Condividendo questa impostazione, l’iniziativa ha raccolto la collaborazione di un gruppo di esperti di valore immenso, tra i quali, oltre al Joi Ito, ci sono: Jeffrey Sachs della Columbia University, Martha Minow ex dean della Harvard Law School, Jonathan Zittrain del Berkman Klein Center e Paul Nemitz della Commissione europea. Grazie a loro è nato il Council on extended intelligence (Cxi).

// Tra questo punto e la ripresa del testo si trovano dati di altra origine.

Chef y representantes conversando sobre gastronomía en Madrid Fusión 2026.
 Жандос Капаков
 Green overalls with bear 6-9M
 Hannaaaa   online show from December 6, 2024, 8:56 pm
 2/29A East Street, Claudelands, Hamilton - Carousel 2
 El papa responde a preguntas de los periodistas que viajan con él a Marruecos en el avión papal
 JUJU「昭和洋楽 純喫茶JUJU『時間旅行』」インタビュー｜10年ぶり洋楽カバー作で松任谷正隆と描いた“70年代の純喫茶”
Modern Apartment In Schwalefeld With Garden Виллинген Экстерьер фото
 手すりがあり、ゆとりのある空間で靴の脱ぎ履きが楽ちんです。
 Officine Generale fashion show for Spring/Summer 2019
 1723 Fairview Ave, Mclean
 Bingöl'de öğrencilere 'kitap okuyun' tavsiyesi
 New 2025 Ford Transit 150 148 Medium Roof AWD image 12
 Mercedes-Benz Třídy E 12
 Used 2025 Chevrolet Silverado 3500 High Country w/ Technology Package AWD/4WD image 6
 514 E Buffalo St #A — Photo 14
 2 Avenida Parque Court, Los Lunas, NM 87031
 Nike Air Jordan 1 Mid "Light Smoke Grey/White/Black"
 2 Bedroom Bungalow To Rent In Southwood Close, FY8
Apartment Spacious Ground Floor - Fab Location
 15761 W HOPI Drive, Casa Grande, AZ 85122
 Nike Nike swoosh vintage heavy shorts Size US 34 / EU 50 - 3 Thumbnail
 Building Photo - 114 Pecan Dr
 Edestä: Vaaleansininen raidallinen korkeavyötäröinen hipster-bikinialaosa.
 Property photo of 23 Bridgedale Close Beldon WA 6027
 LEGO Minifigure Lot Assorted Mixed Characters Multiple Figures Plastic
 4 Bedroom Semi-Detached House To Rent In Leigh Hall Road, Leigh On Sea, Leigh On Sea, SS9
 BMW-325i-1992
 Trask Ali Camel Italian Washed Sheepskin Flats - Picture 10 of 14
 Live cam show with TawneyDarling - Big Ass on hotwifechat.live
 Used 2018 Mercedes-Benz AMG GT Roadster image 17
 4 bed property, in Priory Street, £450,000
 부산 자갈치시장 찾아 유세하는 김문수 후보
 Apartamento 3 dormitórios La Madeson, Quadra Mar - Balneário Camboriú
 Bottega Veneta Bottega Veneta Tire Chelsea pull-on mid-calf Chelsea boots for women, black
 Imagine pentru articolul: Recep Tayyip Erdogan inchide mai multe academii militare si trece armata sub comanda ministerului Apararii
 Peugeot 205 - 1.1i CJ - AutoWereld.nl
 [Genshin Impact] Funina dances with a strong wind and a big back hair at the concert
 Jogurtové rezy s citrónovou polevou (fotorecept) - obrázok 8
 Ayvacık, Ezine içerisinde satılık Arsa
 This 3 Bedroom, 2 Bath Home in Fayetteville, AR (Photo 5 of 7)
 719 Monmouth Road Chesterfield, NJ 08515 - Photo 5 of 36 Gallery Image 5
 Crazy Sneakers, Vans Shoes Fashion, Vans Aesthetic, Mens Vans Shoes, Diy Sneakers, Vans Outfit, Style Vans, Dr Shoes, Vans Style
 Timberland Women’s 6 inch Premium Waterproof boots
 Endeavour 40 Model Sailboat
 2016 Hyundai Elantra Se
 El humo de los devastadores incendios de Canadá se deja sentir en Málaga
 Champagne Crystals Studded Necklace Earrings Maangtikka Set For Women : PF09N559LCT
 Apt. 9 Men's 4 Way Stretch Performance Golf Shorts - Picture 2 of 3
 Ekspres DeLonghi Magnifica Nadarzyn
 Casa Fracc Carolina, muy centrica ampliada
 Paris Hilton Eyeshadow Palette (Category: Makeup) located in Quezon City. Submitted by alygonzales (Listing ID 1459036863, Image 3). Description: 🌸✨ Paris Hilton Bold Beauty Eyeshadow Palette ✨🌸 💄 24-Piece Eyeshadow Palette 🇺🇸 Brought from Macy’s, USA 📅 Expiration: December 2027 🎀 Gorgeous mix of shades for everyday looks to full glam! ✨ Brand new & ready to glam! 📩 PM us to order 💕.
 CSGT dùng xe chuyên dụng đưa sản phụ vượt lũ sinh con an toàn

Il loro progetto prevede un’azione a tre dimensioni. Innanzitutto, la dimensione narrativa: la tecnologia non è frutto di una sua logica autonoma, ma nasce dalla struttura sociale che produce i progetti tecnologici; e dunque il Cxi propone standard operativi che conducano a disegnare i sistemi con intelligenza artificiale coprogettandoli in contesti consapevoli delle logiche dei sistemi complessi. Un’ecologia dei media applicata all’intelligenza artificiale. In secondo luogo, il Cxi propone di concentrare l’azione di riforma delle regole del business intorno al diritto dei cittadini al possesso della loro identità digitale nell’epoca degli algoritmi. Il che richiama certamente il tema sollevato dal diritto alla portabilità dei dati contenuto nella regolamentazione sulla protezione dei dati personali (Gdpr) appena introdotta in Europa. In terzo luogo, il Cxi si propone di ripensare le metriche con le quali si stabilisce il successo delle tecnologie, creando sistemi di valutazione che non siano prevalentemente votati a valutare i risultati specialistici e di breve termine, ma si aprano a tener conto delle conseguenze sociali di lungo termine e delle interrelazioni tra i diversi aspetti della convivenza civile.
Evidentemente, la forza di un istituto che si occupa a fondo di standardizzazione – abituato alla negoziazione tra i diversi soggetti che devono arrivare a definire e adottare gli standard – in collaborazione con un istituto di ricerca visionario come il Media Lab, è riuscita a porre il problema in termini insieme operativi e idealmente solidi. È una storia da seguire a fondo.